THE ISSUE of fracking in North Yorkshire could prove a significant issue at the ballot box on Thursday, as the Green party, Liberal Democrats, Labour and even UKIP field candidates opposed to the industry.

The parties hoping to challenge the Conservative’s long-standing majority grip on North Yorkshire County Council are all fielding candidates who are opposed to the industry.

They are among the 262 candidates registered to stand for one of 72 seats on the local authority.

In May last year, the Tory-held council granted permission for the first shale gas extraction site in England at Kirby Misperton. The plans received 4,375 formally recognised letters of objection and 36 letters of support, but councillors approved the plans by 7 votes to 4.

The Northern Echo: Anti fracking protestors demonstrate outside North Yorkshire county council offices in Northallerton last month.

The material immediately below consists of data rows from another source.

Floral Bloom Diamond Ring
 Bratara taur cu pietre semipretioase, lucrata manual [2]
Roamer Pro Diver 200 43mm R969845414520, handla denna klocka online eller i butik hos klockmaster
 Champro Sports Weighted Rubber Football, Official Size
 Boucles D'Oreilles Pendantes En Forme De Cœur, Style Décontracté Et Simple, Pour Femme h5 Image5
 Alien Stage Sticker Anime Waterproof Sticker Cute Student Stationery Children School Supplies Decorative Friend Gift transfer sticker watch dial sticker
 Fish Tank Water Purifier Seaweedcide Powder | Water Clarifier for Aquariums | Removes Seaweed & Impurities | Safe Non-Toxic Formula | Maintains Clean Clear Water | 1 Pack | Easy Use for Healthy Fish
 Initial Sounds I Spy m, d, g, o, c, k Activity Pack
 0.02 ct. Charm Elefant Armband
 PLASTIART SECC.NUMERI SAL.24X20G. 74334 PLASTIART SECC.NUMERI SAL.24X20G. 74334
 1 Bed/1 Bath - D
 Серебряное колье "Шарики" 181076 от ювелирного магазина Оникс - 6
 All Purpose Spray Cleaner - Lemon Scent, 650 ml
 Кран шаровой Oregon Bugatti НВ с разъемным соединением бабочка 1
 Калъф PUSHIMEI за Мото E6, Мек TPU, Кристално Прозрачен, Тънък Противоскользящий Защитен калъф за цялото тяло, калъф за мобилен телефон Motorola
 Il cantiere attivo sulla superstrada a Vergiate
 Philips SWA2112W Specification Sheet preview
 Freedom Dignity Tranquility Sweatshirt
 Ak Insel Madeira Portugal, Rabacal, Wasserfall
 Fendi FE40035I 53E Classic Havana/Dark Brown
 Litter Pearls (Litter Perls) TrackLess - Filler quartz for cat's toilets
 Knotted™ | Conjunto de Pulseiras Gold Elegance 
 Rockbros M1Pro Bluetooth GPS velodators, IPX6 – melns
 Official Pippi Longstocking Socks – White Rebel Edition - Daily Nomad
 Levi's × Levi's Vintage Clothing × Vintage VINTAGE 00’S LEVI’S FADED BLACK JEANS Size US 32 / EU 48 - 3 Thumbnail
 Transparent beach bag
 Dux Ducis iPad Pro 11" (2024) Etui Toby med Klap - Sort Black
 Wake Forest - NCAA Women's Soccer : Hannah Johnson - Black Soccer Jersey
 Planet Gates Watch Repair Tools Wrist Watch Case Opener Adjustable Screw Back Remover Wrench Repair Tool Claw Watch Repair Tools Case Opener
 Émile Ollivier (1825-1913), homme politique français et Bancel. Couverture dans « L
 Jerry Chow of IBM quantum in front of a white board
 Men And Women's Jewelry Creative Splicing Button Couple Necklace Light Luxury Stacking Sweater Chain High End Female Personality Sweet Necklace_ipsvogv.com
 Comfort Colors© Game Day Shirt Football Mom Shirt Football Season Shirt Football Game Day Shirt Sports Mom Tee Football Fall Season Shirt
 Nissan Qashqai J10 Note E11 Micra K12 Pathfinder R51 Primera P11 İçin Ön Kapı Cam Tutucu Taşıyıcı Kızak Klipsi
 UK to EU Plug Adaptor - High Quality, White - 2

Anti-fracking protestors demonstrating outside North Yorkshire County Council's headquarters in Northallerton last year. Picture: Stuart Boulton

More than a dozen other licences have been issued for gas exploration in North Yorkshire, including the North York Moors, although the extent and commercial viability of the sites will only be established once drilling begins.

Although candidates such as the Pickering ward’s Conservative candidate, Greg White, has stated his opposition to shale gas extraction in Ryedale, national Conservative backing for the industry has provoked bitterness amongst some of those opposed to the industry.

Nationally, UKIP has voiced its support for fracking, but all its candidates standing in the North Yorkshire election are opposed.

UKIP’s spokesman for North Yorkshire and campaign manager for the county, Andrew Dennis, said: “I live in North Yorkshire and I’m tremendously opposed to fracking. I know all our candidates are against it too.

“Our candidates are allowed to use their own judgments on issues on the basis of what their electors want, we don’t have a party whip, but all our candidates for North Yorkshire are opposed to fracking.”

Labour’s regional communications officer, Bernie Keavy, who are fielding candidates in all but six seats also said it was also opposed to the industry in North Yorkshire.

The Liberal Democrats in North Yorkshire and the Green party have also said they are opposed to the shale gas extraction industry.

Despite the contentious nature of some of the issues that have fallen under the county council’s remit, a fifth of people in North Yorkshire’s Hambleton district will not have a vote in the elections due to two seats being uncontested.

They belong to deputy leader of the council, Conservative Gareth Dadd, who has been unopposed in his Thirsk seat and Caroline Patmore, who will continue to represent the Stillington constituency.

Postcards were sent to the 13,000 voters in Hambleton, informing them they will not have a vote in the May 4 elections. In means 21 polling stations will not be used.